*** Opening PROVIDED RECORDS ***
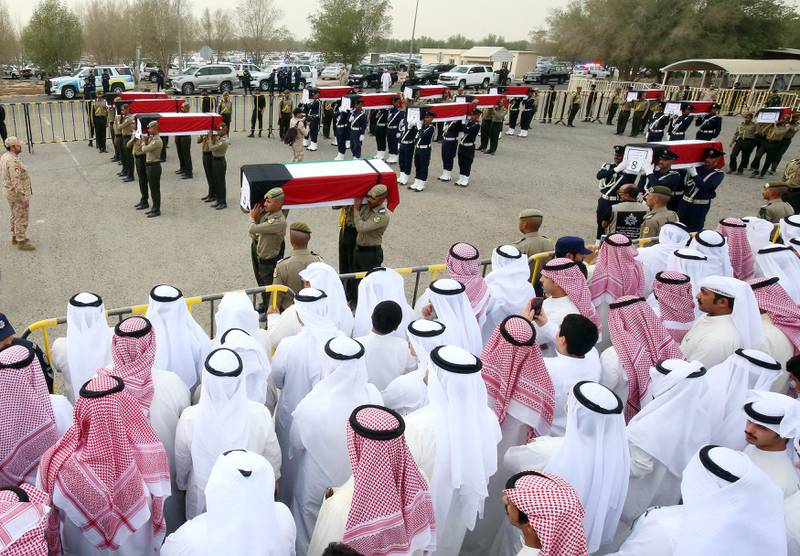 Mourners carry the coffins of nineteen Kuwaiti prisoners of war whose remains were recently found in a mass grave in Iraq and identified through DNA tests, during a funeral procession at a cemetery in Kuwait City on November 21. Photo: AFP
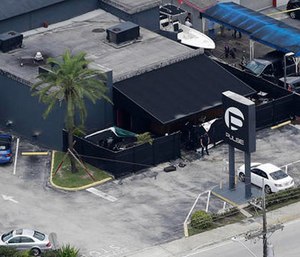 In this June 12, 2016 file photo, law enforcement officials work at the Pulse gay nightclub in Orlando, Fla., following the a mass shooting.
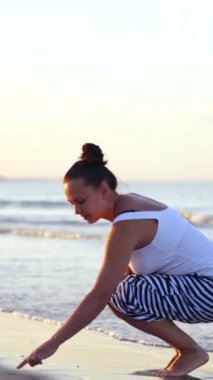 Plajda Dinlenen Kadın. Kumsalda genç ve güzel bir kadının kumlara çizimi.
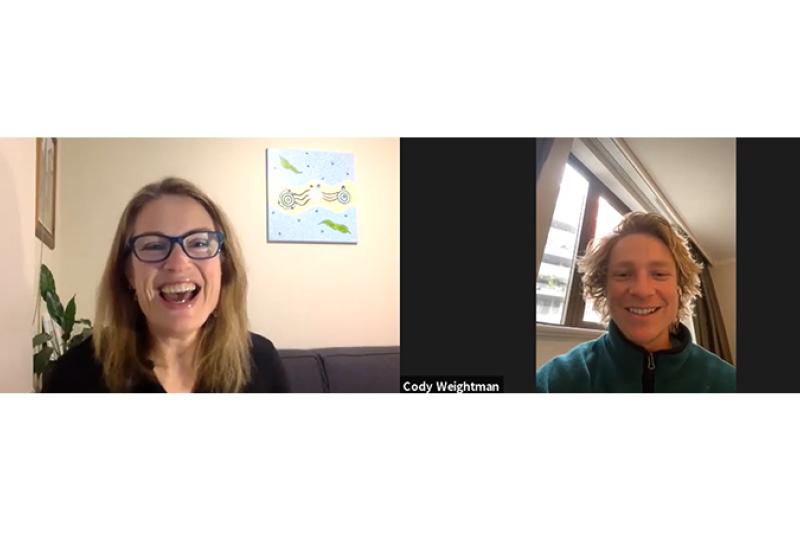 Woman and young man on Zoom call, laughing; Professor Alex Parker  on a Zoom call with Western Bulldogs star and VU student Cody Weightman.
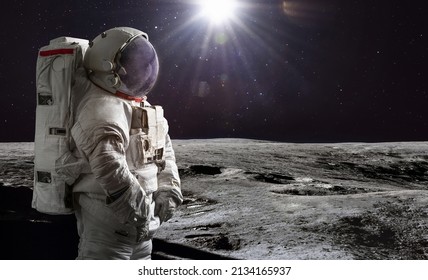 Astronaut On Surface Of Moon. Artemis Lunar Space Program. Moonwalk Of Spaceman. Elements Of This Image Furnished By NASA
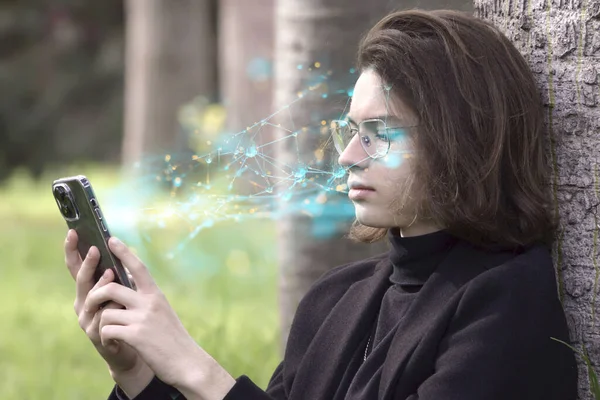a guy wearing glasses and business clothes holds a cell phone, looks at the screen with outgoing waves of holograms of information and neural connections transmitted to the brain. The concept of the Negative impact of AI on humans through Telecommuni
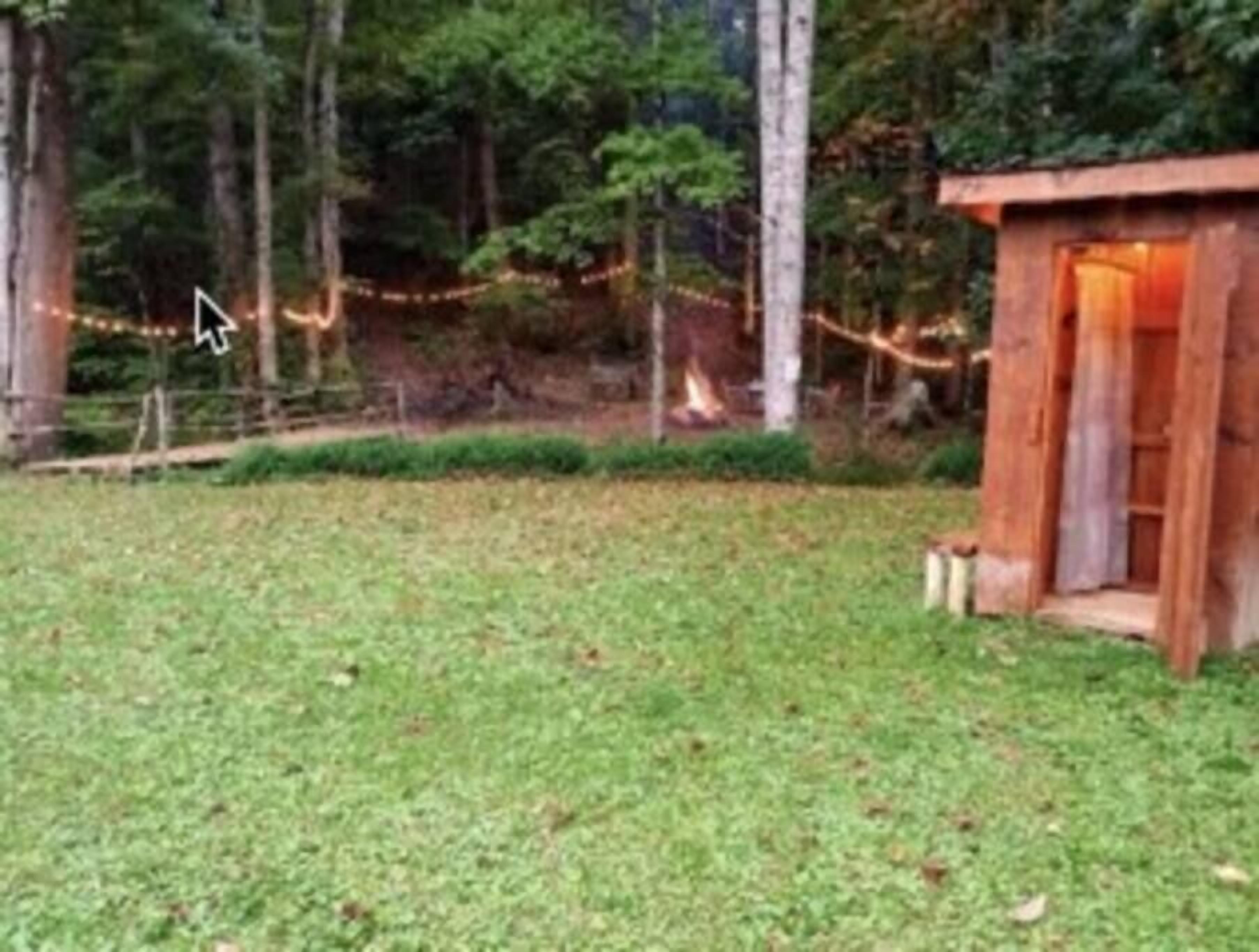 A rustic wooden cabin with a small porch, surrounded by a grassy yard and trees.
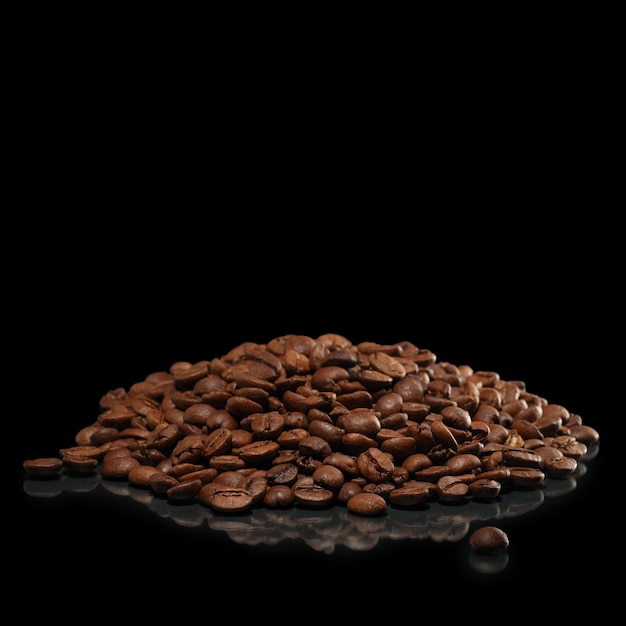 Heap of coffee beans with reflection on black surface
*** Closing PROVIDED RECORDS ***
▸ WHAT TO WORK ON:
Across all the lines above, repeat the wording exactly and omit the pictures.

▸ RESULT OF THE EXERCISE:
 Mourners carry the coffins of nineteen Kuwaiti prisoners of war whose remains were recently found in a mass grave in Iraq and identified through DNA tests, during a funeral procession at a cemetery in Kuwait City on November 21. Photo: AFP
 In this June 12, 2016 file photo, law enforcement officials work at the Pulse gay nightclub in Orlando, Fla., following the a mass shooting.
 Plajda Dinlenen Kadın. Kumsalda genç ve güzel bir kadının kumlara çizimi.
 Woman and young man on Zoom call, laughing; Professor Alex Parker  on a Zoom call with Western Bulldogs star and VU student Cody Weightman.
 Astronaut On Surface Of Moon. Artemis Lunar Space Program. Moonwalk Of Spaceman. Elements Of This Image Furnished By NASA
a guy wearing glasses and business clothes holds a cell phone, looks at the screen with outgoing waves of holograms of information and neural connections transmitted to the brain. The concept of the Negative impact of AI on humans through Telecommuni
 A rustic wooden cabin with a small porch, surrounded by a grassy yard and trees.
 Heap of coffee beans with reflection on black surface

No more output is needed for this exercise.